By using the conversion formulas: \(x = r \cos(\theta)\) and \(y = r \sin(\theta)\), we derive \(\frac{dy}{dx} = \frac{\frac{dy}{d\theta}}{\frac{dx}{d\theta}}\). This method utilizes the tools of calculus to break the changes in \(y\) and \(x\) down to changes in \(\theta\) - offering the familiar slope of a line in Cartesian terms.

• Differentiate \(x\) and \(y\) concerning \(\theta\)
• Plug in the value of \(\theta\)
• Calculate the resulting ratio \(\frac{dy}{dx}\)

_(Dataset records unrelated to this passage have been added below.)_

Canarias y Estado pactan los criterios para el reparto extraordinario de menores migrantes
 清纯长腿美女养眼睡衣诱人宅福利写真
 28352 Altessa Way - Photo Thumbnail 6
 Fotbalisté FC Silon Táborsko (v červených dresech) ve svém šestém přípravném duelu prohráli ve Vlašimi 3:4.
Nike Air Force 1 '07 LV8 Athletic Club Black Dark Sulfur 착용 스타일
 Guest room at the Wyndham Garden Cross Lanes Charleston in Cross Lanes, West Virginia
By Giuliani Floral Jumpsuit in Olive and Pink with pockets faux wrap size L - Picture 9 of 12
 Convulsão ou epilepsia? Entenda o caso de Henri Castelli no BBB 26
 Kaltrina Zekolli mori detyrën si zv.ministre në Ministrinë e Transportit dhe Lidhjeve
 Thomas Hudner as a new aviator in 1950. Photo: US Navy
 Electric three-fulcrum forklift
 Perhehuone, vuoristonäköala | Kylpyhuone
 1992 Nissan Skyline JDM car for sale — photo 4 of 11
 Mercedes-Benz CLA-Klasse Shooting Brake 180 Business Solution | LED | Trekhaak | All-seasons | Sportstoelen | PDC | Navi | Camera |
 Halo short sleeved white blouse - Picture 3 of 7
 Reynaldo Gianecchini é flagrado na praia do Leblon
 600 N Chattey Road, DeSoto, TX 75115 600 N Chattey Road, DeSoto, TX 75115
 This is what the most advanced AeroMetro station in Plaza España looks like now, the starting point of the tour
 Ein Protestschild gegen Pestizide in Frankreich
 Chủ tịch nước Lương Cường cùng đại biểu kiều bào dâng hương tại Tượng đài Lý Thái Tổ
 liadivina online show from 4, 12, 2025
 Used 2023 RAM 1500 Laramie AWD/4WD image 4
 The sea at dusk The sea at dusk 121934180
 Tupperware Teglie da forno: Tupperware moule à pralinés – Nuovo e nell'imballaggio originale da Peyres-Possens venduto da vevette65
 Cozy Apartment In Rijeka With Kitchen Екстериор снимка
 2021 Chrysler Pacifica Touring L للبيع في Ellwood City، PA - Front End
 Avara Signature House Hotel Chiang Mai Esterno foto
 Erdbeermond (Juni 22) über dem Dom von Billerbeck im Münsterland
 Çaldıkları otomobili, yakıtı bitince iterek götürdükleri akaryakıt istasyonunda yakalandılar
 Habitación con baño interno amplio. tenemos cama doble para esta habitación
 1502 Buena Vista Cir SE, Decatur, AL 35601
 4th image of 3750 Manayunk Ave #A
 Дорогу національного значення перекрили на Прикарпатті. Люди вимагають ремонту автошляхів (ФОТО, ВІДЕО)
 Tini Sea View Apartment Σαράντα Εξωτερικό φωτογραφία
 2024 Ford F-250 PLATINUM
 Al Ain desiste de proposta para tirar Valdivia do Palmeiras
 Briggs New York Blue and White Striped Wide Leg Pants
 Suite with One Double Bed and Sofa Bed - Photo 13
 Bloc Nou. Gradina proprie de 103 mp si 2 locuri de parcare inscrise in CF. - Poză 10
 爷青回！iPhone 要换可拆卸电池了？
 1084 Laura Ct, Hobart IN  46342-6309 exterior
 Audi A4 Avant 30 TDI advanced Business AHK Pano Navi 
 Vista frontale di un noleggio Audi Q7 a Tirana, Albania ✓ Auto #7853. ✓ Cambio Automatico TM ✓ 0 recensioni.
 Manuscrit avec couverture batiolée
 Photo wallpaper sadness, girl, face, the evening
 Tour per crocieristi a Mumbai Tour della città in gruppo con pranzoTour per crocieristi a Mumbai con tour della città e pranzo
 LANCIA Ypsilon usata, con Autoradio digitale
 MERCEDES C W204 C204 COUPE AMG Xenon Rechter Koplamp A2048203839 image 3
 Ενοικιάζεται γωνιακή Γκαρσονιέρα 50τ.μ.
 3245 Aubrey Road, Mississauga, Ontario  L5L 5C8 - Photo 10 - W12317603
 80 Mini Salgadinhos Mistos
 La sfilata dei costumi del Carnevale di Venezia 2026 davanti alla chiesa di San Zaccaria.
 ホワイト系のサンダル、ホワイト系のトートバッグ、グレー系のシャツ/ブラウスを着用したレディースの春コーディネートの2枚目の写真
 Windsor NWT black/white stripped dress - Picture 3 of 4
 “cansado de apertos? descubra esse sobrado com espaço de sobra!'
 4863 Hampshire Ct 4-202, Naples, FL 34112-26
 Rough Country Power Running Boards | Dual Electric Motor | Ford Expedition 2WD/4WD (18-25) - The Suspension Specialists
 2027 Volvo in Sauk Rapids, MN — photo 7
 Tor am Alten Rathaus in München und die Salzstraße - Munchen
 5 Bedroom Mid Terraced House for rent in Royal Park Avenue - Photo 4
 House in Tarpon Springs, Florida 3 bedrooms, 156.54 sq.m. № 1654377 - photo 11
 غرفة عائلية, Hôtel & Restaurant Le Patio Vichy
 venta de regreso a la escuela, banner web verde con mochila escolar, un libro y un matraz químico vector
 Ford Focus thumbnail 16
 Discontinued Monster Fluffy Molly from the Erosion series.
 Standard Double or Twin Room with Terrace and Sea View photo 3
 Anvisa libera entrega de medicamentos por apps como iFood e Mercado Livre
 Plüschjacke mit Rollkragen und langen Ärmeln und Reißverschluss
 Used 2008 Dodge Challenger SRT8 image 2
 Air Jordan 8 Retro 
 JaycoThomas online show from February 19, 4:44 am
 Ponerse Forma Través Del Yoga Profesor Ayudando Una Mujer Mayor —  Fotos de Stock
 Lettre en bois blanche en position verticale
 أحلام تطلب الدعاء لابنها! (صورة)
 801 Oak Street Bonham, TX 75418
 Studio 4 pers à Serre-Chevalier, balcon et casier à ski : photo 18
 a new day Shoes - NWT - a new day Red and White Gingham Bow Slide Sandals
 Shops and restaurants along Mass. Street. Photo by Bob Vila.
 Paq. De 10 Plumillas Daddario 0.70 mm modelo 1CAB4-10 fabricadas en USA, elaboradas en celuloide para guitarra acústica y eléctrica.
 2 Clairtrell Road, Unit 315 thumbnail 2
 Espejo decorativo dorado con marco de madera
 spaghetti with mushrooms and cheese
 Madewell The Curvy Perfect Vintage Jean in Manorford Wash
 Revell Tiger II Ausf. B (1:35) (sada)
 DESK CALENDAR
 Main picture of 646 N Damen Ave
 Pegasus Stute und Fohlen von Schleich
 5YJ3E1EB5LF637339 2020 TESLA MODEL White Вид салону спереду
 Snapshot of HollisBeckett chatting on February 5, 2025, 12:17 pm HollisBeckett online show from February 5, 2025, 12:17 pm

These steps help convert the interesting dance of a polar curve into something you can graph and understand on the more familiar Cartesian plane.

Tangent Line

After discovering the slope of the curve using the polar derivative, the challenge is to find the tangent line. This is the straight line that just "touches" the curve at the point of interest. The tangent line gives a great approximation of the curve near that point.
The general formula for any tangent line is \(y - y_1 = m(x - x_1)\), where \(m\) is the calculated slope \(\frac{dy}{dx}\). In this case, we found that \(m = -\sqrt{3}\). The point of tangency,\( (x_1, y_1)\), can be found by evaluating \(r\) at \(\theta = \pi/6\), which turned out to be \((0,0)\).
To wrap it up:

• Plug the slope into the formula
• Use the Cartesian coordinates at the point

The tangent line equation becomes \(y = -\sqrt{3}x\). This linear relationship helps us see how the curve behaves locally - like zooming in with a microscope on our curve.

Normal Line

The normal line is always perpendicular to the tangent line at the point of tangency. If you think of standing on a curve, the tangent is the direction you'd glide along; the normal line is where you add a perpendicular stepping stone.
Mathematically, for a line that's perpendicular, its slope is the negative reciprocal of the tangent's slope. Thus, if our tangent slope is \(-\sqrt{3}\), the normal slope becomes \(\frac{1}{\sqrt{3}}\).
Using the point-slope form, with our slope and the same touch-point \((0,0)\), we form the normal line's equation:

• Find the negative reciprocal of the tangent slope
• Use the same point of tangency

This leads us to the equation \(y = \frac{1}{\sqrt{3}}x\), showing a line perpendicular to our original tangent, offering a complete perspective at that specific point.

Cartesian Coordinates

To visualize curves expressed in polar form using the traditional \(x-y\) graphing coordinates, it's important to perform a conversion. This helps transform our understanding and apply familiar concepts like slopes and lines to curves originally seen from polar perspectives.
You might start with polar coordinates known as \((r, \theta)\) where \(r\) is the distance from the origin and \(\theta\) is the angle from the positive x-axis. Through the formulas:

• \(x = r\cos(\theta)\)
• \(y = r\sin(\theta)\)

We translate our polar representation into Cartesian \((x, y)\) coordinates, typically for ease of graphing and analysis.
In the exercise provided, converting polar results allowed finding direct points like \((0,0)\), supporting the application of tangent and normal lines. This translation bridges the gap between different coordinate systems, granting more tools to tackle curve-related problems effectively.